In Rafael Sica’s works there are a lot of marginals. People in his comics are ugly, miserable, and full of despair. Sica often loops narrative in his short strips, thus speakingyou can not escape from your nature. In the comics of Laura Teixeira the time stops. Artist dispenses with plot, but her art is the story. Teixeira catches not a moment, but what happens between moments.

Art of Mateus Acioli in his comic strip «Prick» seems to have originated in North America, but the story is purely Brazilian, with elements of magical realism. Work of Acioli is about a moment, too, that moment almost doesn’t live and then die at once and it is impossible to capture.

It turns out that Brazil is full of excellent comic authors and «Stripburger» has done a great job to convey to the reader the best of Latin American artists.

Sharker, The Forgotten



Sam Spina
Sharker, The Forgotten

Self-published, 2010

This small comics book is a science fiction story about a man who turned into a shark. The beginning of the book is in the spirit of stories about monsters and wrong turns with pulp element: a man named Sean Kerr does not want to go fishing, but at the insistence of his girlfriend after all fitted out boat, and now three of them (the third one is girlfriend's father) has been in a boat sailing in search of a good bite. But the premonitions do not lie to Sean, the storm begins, and the boat is sinking. Girlfriend and her father get out on the beach, but Sean is swallowed by a shark, which strikes of lightning. After having fought for his life in already inside the shark stomach, Sean calms down. When he wakes up, then he discovers that he is alive and can breathe underwater. His companion soon becomes a shrimp, nicknamed Shrimper. Sean also because of the consonance gets his new name - Sharker.
Sharker still does not know who he is, and the time elapsed since the transformation has resulted not in a couple of hours but as much as four years.

This story at first seems not so original, then delirious, but due to a combination of old school elements of horror and black comedy this comics reads like a homage to good old-fashioned science fiction with non-obvious ending. «Sharker, The Forgotten» is primarily a story of a man ceases to be himself and not knowing what to do now.
Black and white art of Sam Spina organically looks with a story, it turns out, as if watching a series of old black and white tv series. The only thing that seems boring is the addition to Sharker a talking shrimp. The depth of relations between friends in adversity is not observed, the humor of shrimp is flat, so that the shrimp can not be avoided.
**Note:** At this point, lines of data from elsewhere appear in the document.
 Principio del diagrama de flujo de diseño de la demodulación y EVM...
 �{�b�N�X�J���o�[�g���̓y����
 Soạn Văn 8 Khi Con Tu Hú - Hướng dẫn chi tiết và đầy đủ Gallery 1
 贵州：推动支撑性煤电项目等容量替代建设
Sam Spina has his own voice. It would be interesting to see what he can do in a larger form.

Death-Day (Part One)



Sam Hiti
Death-Day (Part One)

Laluz Comics, 2010

Since the first pages of this comic it is clear: we face something big. We see grandeur of sweep of the author at least in an increased size of the book and in panels on half a page. The choice of larger format allows the author to draw a giant canvas and the reader to closely examine the content of a page.

«Death-Day» is so pure sci-fi, where it is unclear whether action takes place in our world of future, or on another planet, or in a parallel universe, or all at once, because one does not negate the other. Already in the prologue (and the book besides the prologue made of four chapters - "episodes"), we see a huge battlefield where the army of people and army of orbs (six-fingered monsters, they seems stupid, but taking a number) prepare to attack. Each episode is a separate story line, but closer to the end of the book crossing between subplots becomes clear.

In the first episode, despite its seemingly large scale, the action is mainly concentrated in the headquarters of the Earth officers, who command the earth's army, following instructions of the Mother-0, the computer intelligence. Attempts of officers in different ways to stop the advance orbs lead to nothing, the army of the Earth suffers a defeat.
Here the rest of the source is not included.